И империя, которая могла бы еще оставить христианство незамечаемым, пока оно представляло собою просто высшую форму нравственности или даже общественного порядка, не могла не заметить его, когда оно объявляло себя в качестве всеобщей и обязательной формы. Когда оно заявило, что оно есть истина, Рим, прежде всего, спросил: "Что есть истина?" Когда же оно стало настаивать на праве истины подчинять себе людей, Рим ответил на это гонениями. А христианство между тем настойчиво и постоянно проповедовало об обязанности каждого члена в государстве (будет ли он облечен властью или нет) признавать эту истину, свидетельствовать о ней и, если нужно, умирать за нее. Теперь становится понятным тот интерес, который всегда возбуждал в исследователях Пилатов вопрос об истине. Вопрос этот был выражением не философа и не государственного человека, а просто типической "фразой тогдашнего образованного римлянина". И именно потому, что это было так, вопрос: "что есть истина?" открывает пред нами ту наклонную плоскость, на которой могущественный римский мир неудержимо катился тогда в пропасть. Римская республика - мы не должны никогда забывать этого - уже перестала веровать в свой собственный нравственный и общественный порядок. Этот факт несомненен, но слишком редко признается его великое значение. С грустью припоминается здесь Греция с ее исканием идеальной истины - исканием смелым и бесплодным, никогда не оканчивавшимся, всегда начинавшимся и проходившим по пустыням сомнения и морям умозрения под руководством неверных путеводных звезд. Греков сменило теперь племя более великое, величайшее, какое только знала земля, племя, призванное и готовившееся в течение долгих веков к труду управления миром, но пораженное внутренним бессилием вследствие недостатка побуждений и упований - именно в то время, когда оно получило в свои руки распоряжение мировым наследством. Живо изображено состояние тогдашнего римлянина одним английским поэтом в следующей картине: "В своей прохладной зале, с угрюмыми глазами, лежит благородный римлянин; он катался с бешеной скоростью по Аппиевой дороге; он пировал, пил сильно и много и увенчал свои волосы цветами; но не легче и не скорее шли для него непослушные часы".
Людьми овладело то нравственное утомление и пресыщение жизнью, которое продолжалось во все время империи и которое часто переходило в смертельную апатию или безотчетное отчаяние. Такое безотрадное нравственное настроение господствующего племени явилось неизбежным результатом новых обстоятельств, в которые оно было брошено судьбою. В прежние дни римлянин верил в самого себя, в своих богов, в свои учреждения и более всего в свое государство.
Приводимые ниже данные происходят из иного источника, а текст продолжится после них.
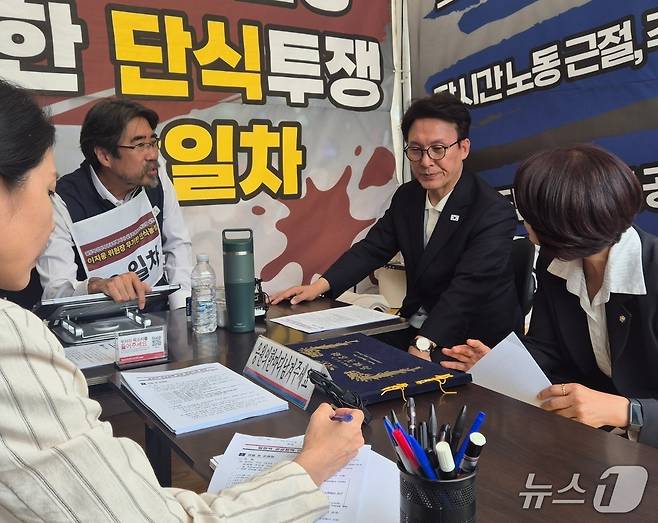 김민석 더불어민주당 대표가 3일 오후 서울 여의도 국회 정문 앞에서 단식 농성 중인 이지웅 전국공공산업노동조합연맹 위원장을 만나고 있다. 2026.10.3 ⓒ 뉴스1 남해인 기자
Оно было для него theatrum satis magnum (достаточно великим зрелищем), его знаменем, его законом, его правдой. Он был справедлив, хотя суровым, неумолимым образом. Но теперь мир вырос в ширину. И то, что было достаточно для добродетели в прежние времена, сделалось недостаточным для добродетели теперь. Вера области, религия племени сделалась слишком узкой для мира; она необходимо пала и оставила владык земли с сильными руками и пустыми сердцами, скептиками в отношении к истине и потому отпадающими от правды закона.